▶ **What the task asks**: From the line with "Calfskin Shaded Calfskin" through the final line, please write out the listing exactly, including both of those lines.

________

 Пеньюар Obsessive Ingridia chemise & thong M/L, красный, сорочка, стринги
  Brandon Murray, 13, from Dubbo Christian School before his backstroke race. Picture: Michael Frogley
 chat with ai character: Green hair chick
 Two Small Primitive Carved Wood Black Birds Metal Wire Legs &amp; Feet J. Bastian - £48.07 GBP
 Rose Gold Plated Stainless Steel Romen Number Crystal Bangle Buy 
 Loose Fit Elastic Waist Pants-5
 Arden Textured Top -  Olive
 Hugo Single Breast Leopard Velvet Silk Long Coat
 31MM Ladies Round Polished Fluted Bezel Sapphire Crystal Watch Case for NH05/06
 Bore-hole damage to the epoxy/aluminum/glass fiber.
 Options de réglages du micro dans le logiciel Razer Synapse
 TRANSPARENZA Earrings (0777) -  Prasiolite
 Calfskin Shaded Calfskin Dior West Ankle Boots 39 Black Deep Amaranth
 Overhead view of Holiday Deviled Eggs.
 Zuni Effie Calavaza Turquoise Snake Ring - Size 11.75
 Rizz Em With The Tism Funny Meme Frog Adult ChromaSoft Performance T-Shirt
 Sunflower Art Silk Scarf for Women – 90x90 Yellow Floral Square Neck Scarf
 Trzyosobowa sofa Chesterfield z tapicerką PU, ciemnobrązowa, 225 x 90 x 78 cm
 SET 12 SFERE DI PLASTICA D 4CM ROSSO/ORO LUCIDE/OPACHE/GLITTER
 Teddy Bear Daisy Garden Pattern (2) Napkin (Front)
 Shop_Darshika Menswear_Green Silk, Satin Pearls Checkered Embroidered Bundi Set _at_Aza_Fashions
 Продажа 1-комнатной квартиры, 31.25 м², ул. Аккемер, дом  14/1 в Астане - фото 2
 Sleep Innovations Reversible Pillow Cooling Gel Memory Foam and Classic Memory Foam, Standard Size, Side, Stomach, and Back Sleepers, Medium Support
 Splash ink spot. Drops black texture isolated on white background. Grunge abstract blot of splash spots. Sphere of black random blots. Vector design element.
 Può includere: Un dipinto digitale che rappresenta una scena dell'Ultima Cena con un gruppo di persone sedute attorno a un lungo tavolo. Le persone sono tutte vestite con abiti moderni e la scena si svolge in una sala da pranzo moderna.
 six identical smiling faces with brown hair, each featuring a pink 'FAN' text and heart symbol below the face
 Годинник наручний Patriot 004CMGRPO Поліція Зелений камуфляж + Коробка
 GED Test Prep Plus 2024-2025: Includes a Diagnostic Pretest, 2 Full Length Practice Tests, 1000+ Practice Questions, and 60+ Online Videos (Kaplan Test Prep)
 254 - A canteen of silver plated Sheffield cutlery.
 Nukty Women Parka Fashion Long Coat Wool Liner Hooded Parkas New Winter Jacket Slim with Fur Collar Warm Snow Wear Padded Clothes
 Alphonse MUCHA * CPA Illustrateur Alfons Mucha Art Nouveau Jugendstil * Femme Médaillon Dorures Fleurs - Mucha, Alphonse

________

▶ **Worked solution**:
 Calfskin Shaded Calfskin Dior West Ankle Boots 39 Black Deep Amaranth
 Overhead view of Holiday Deviled Eggs.
 Zuni Effie Calavaza Turquoise Snake Ring - Size 11.75
 Rizz Em With The Tism Funny Meme Frog Adult ChromaSoft Performance T-Shirt
 Sunflower Art Silk Scarf for Women – 90x90 Yellow Floral Square Neck Scarf
 Trzyosobowa sofa Chesterfield z tapicerką PU, ciemnobrązowa, 225 x 90 x 78 cm
 SET 12 SFERE DI PLASTICA D 4CM ROSSO/ORO LUCIDE/OPACHE/GLITTER
 Teddy Bear Daisy Garden Pattern (2) Napkin (Front)
 Shop_Darshika Menswear_Green Silk, Satin Pearls Checkered Embroidered Bundi Set _at_Aza_Fashions
 Продажа 1-комнатной квартиры, 31.25 м², ул. Аккемер, дом  14/1 в Астане - фото 2
 Sleep Innovations Reversible Pillow Cooling Gel Memory Foam and Classic Memory Foam, Standard Size, Side, Stomach, and Back Sleepers, Medium Support
 Splash ink spot. Drops black texture isolated on white background. Grunge abstract blot of splash spots. Sphere of black random blots. Vector design element.
 Può includere: Un dipinto digitale che rappresenta una scena dell'Ultima Cena con un gruppo di persone sedute attorno a un lungo tavolo. Le persone sono tutte vestite con abiti moderni e la scena si svolge in una sala da pranzo moderna.
 six identical smiling faces with brown hair, each featuring a pink 'FAN' text and heart symbol below the face
 Годинник наручний Patriot 004CMGRPO Поліція Зелений камуфляж + Коробка
 GED Test Prep Plus 2024-2025: Includes a Diagnostic Pretest, 2 Full Length Practice Tests, 1000+ Practice Questions, and 60+ Online Videos (Kaplan Test Prep)
 254 - A canteen of silver plated Sheffield cutlery.
 Nukty Women Parka Fashion Long Coat Wool Liner Hooded Parkas New Winter Jacket Slim with Fur Collar Warm Snow Wear Padded Clothes
 Alphonse MUCHA * CPA Illustrateur Alfons Mucha Art Nouveau Jugendstil * Femme Médaillon Dorures Fleurs - Mucha, Alphonse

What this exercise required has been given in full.